Spark: Make maxRecordPerMicrobatch a soft limit by singhpk234 · Pull Request #12988 · apache/iceberg

singhpk234 · 2025-05-07T01:37:07Z

About the change

Make maxRecordsPerMicrobatch a soft limit, as the cases like for ex max number of records is less than the totalRecords of a file, would expect us to read the file partially (current behavior), this can't be just a row group boundary or something which we can incorporate in our scan tasks as if like splitting it at the record count cutoff, hence its very difficult to define the boundary, it would be better if we make the make this a soft limit as if and when including a file if it can be contained within the limit its fine, otherwise include the whole file and be done with that particular micro-batch stream.
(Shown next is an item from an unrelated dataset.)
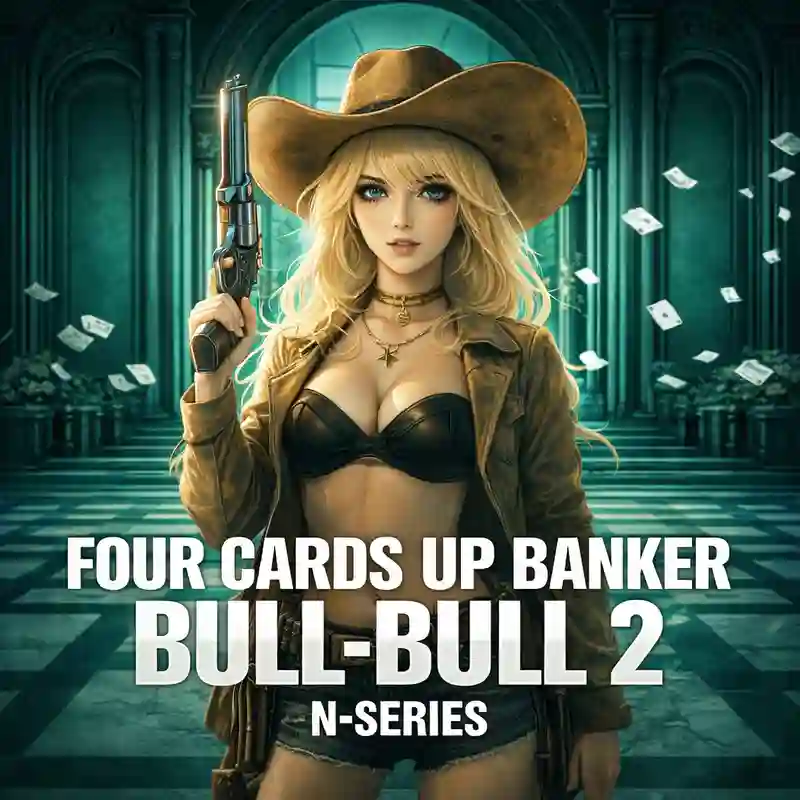 Maglaro ng Four Cards Up Banker Bull-Bull 2 sa casino plus apk download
This change is motivated by two major factors :

stream being stuck presently leading to poor UX Docs: Add documentation for Rate limiting in Spark Structured Streaming #12217 (comment)
Softlimit is what other solution enforce for ex : delta doc

maxBytesPerTrigger: How much data gets processed in each micro-batch. This option sets a “soft max”, meaning that a batch processes approximately this amount of data and may process more than the limit in order to make the streaming query move forward in cases when the smallest input unit is larger than this limit. This is not set by default.

Testing done

Modified the existing UT which mimics stuckness to pass now.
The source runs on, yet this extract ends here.